Wherever you have those notes, don’t let them be the “blanket to your Linus.” Okay? Really trust that you know this stuff and you do, Dreisen.

 

Dreisen Heath, US Program, Human Rights Watch

There needs to be accountability. That’s what I’m here to fight against: all systems of racism, all systems of oppression, and all systems of white supremacy.

 

They don’t belong in a place where we’re claiming that people should be free and have liberty because you can’t have liberty and be free with those types of dehumanizing systems.

 

Feb 17, 2021

 

Dreisen Heath, US Program, Human Rights Watch

Good morning. The sun is shining. It’s hearing day. Grateful to be alive. Grateful to have this

opportunity. Exciting stuff to come.

 

Representative Sheila Jackson Lee

I’m delighted to yield to our next witness.

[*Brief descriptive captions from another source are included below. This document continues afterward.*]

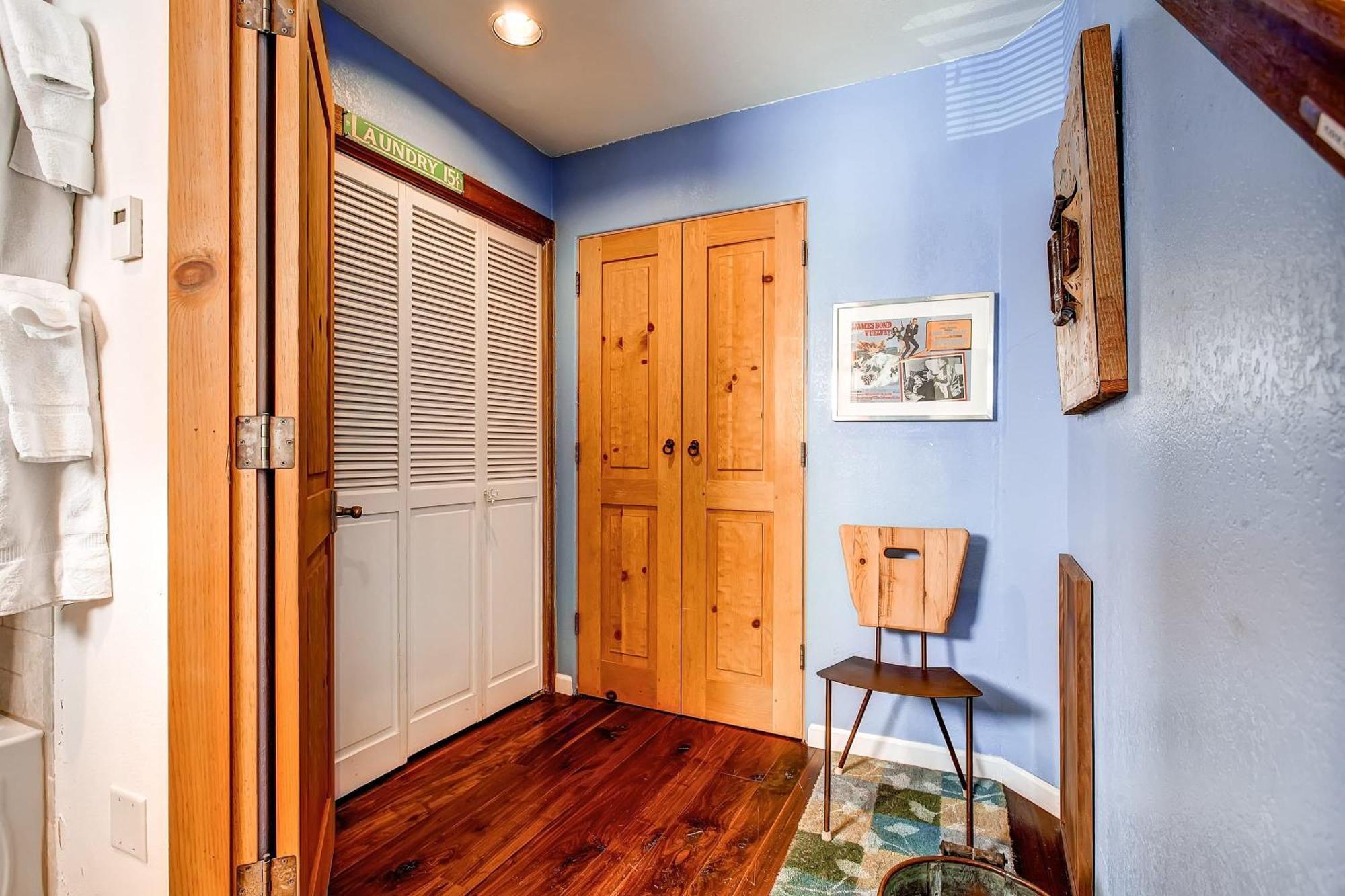 Plunge E By Avantstay Gorgeous Townhouse In Dt Holiday home Telluride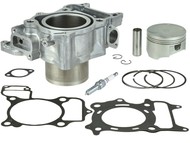 Cylinder HONDA SH 300, NSS 300 Forza - 300cm3, Ø72,00mm, sworzeń 17mm (Evok)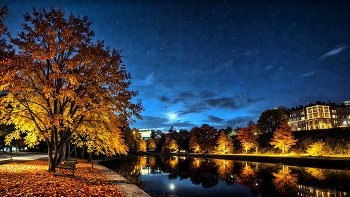 Autumn Twilight / ***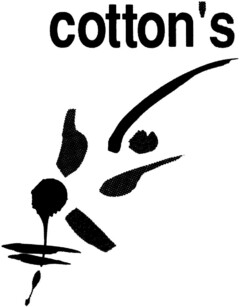 COTTON'S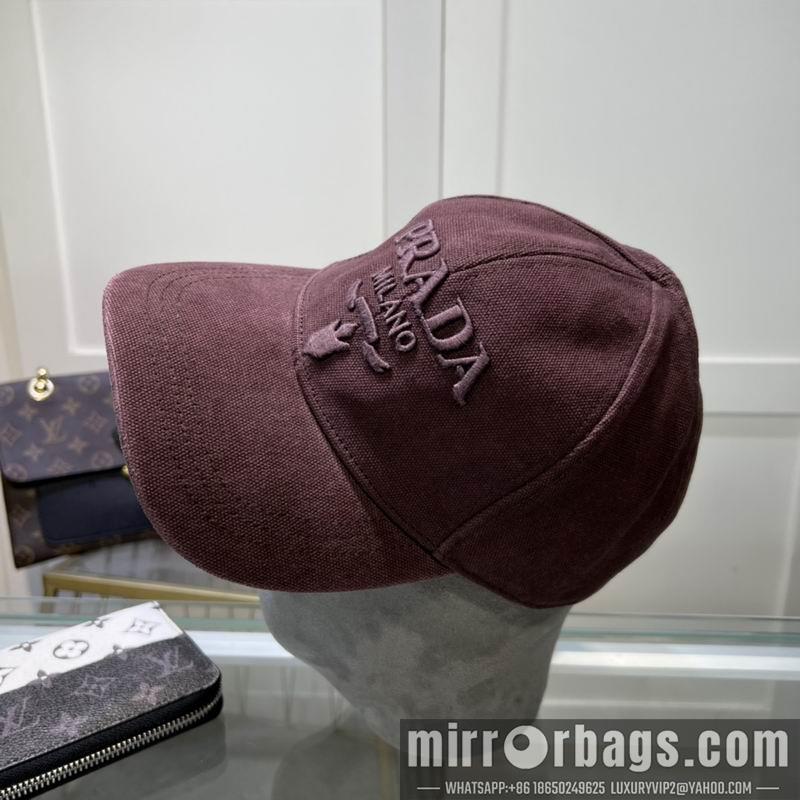 Replica Prada cap dx66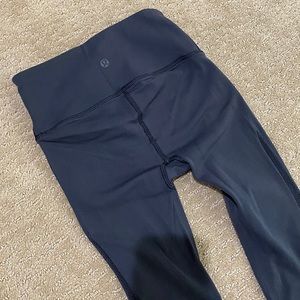 Lululemon Leggings (black)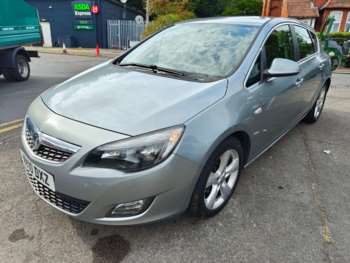 2010 (10) - 1.6 16v SRi Euro 5 5dr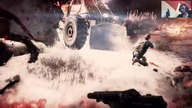 Metro 2033 Redux Kampania # 15 [The End] 60FPS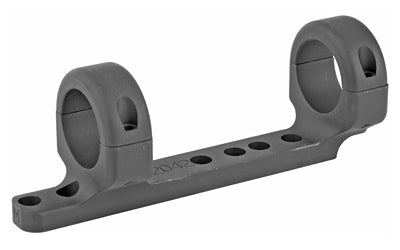 DNZ, Mount, 1" Medium, Black Finish, Fits Marlin 1894, 1895, 336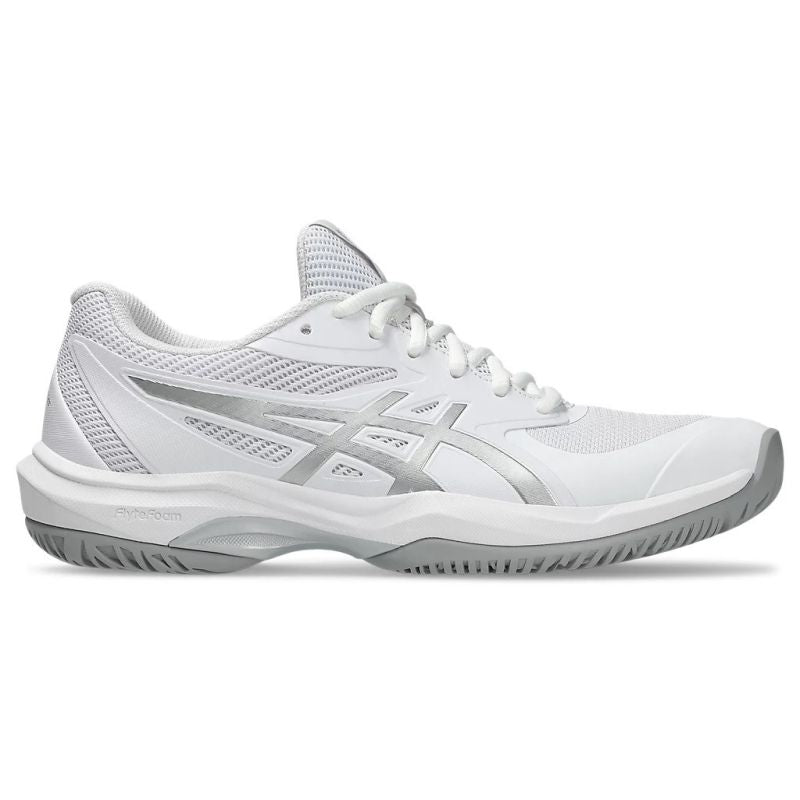 ASICS GEL Game FF Women's Netball Shoes - Lightweight Volleyball & Court Shoes for Women - Perfect for Indoor Sports, Training & Gym Workouts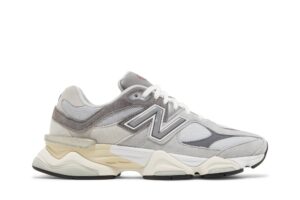 New Balance 9060 Rain Cloud Grey U9060GRY - Brosneaker photo 1
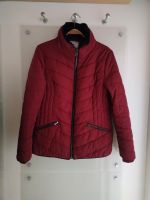 Steppjacke bordeaux rot Größe 38 Baden-Württemberg - Lahr (Schwarzwald) Vorschau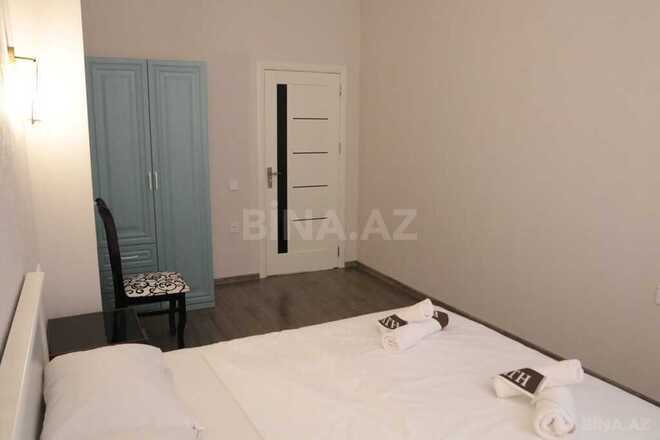 2-комн. новостройка - м. Шах Исмаил Хатаи - 70 м² (10)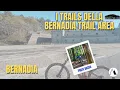 Download Lagu Bernadia Trail Area Forte Basso RAW #mtb#friuli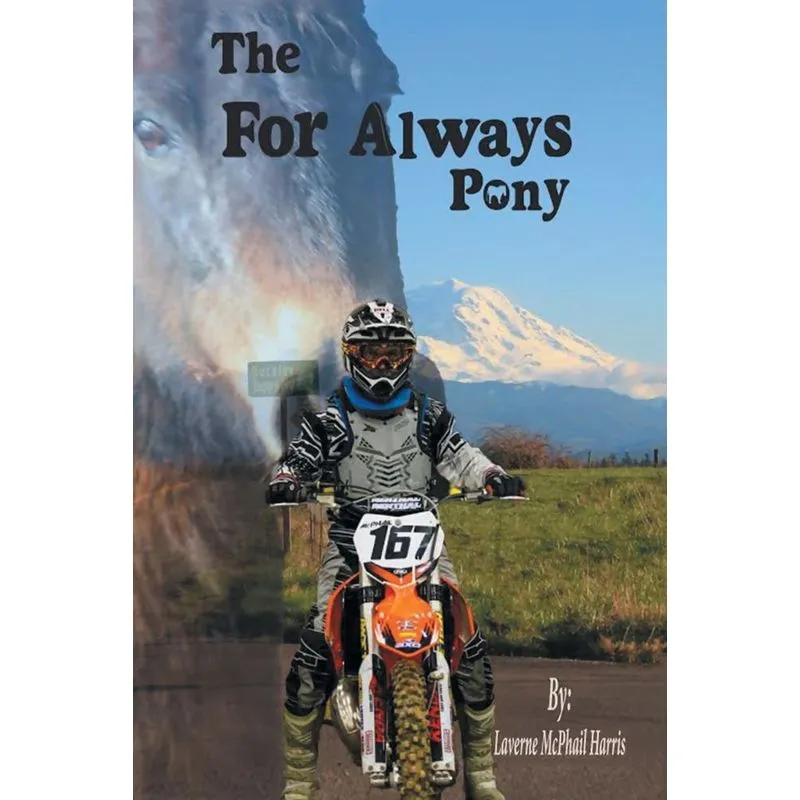 The For Always Pony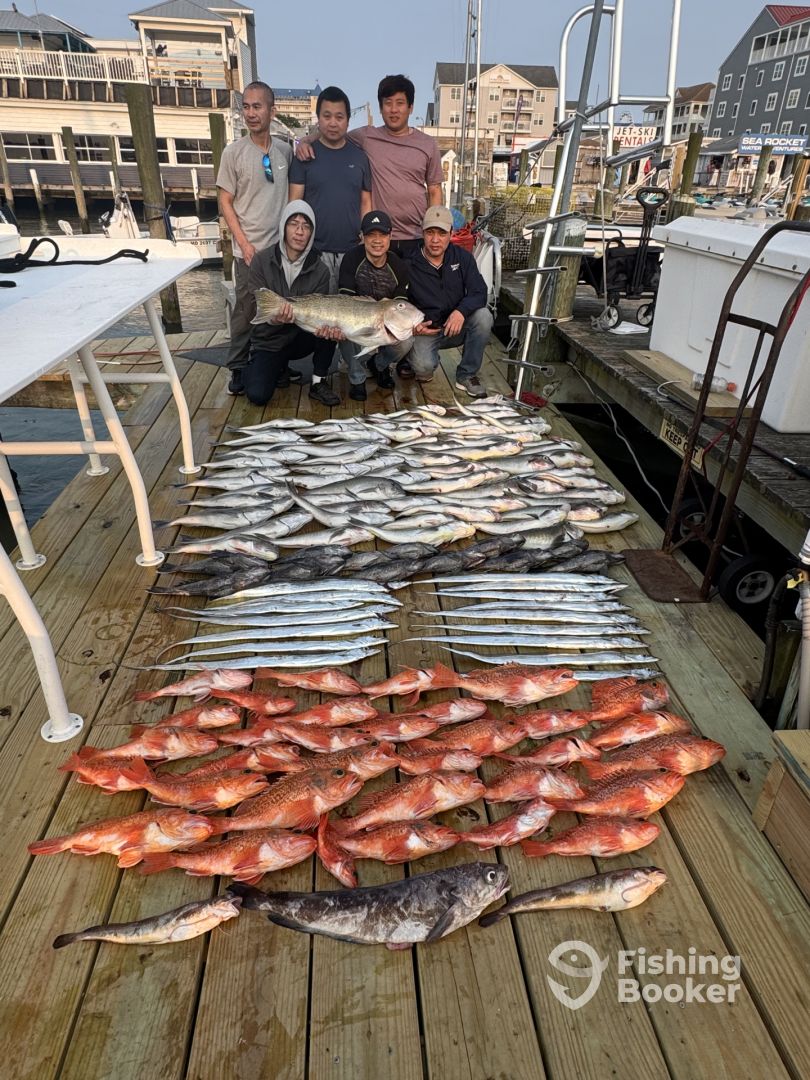 Ocean City Report Photo 0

Miss Heath is Assistant Research and Advocate for the US Program of Human Rights Watch, a leading domestic research and advocacy {organization] as well as human rights around the world. Welcome and you’re recognized for five minutes.

 

Dreisen Heath, US Program, Human Rights Watch

On behalf of Human Rights Watch, it is an honor to be here today. Thank you to the subcommittee for this opportunity to testify about this important piece of legislation. The US has never fully or properly reckoned with the gross human rights violation of chattel slavery and the post-Emancipation racist policies that continue to impact Black people in the US today. If racial justice is ever to be achieved, repair needs to be part of the equation. Congress should be asking how. How can we provide comprehensive repair for your grave and systemic failures connected to slavery and what steps must we take to get there?

 

Representative Sheila Jackson Lee

Thank you so very much for your testimony that is so provocative and well-detailed. Thank you for being here this morning. We appreciate it very much.

 

Dreisen Heath, US Program, Human Rights Watch

Hi.

Allyna, Dreisen’s Mom

Hey Dries. How are you?

 

Dreisen Heath, US Program, Human Rights Watch

Feeling relieved. We done went over the hurdle.

 

Allyna, Dreisen’s Mom

You did it.

 

Dreisen Heath, US Program, Human Rights Watch

I know.

 

Allyna, Dreisen’s Mom

You did it. Oh my gosh I’m so proud of you.

 

Dreisen Heath, US Program, Human Rights Watch

Thank you, mom.

 

Dreisen Heath, US Program, Human Rights Watch

We’re at a turning point in US history right now that will chart our course for either destruction, further destruction or for healing and repair. I know what side I want to be on.